**Extracted material:**
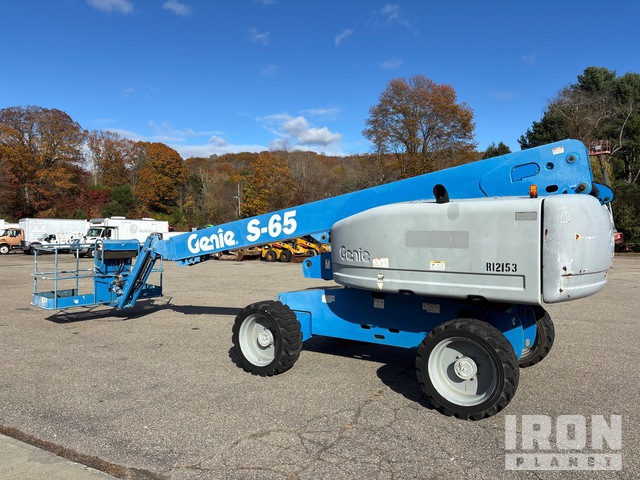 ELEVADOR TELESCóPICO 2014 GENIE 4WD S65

--

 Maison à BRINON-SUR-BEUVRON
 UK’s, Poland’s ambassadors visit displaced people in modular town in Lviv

**Exercise:** Retype word for word everything in the listing above from the line that holds "Maison à BRINON-SUR-BEUVRON" down to the line that holds "UK’s, Poland’s ambassadors". Keep both end lines and leave out the rest.

**Written response:**
 Maison à BRINON-SUR-BEUVRON
 UK’s, Poland’s ambassadors visit displaced people in modular town in Lviv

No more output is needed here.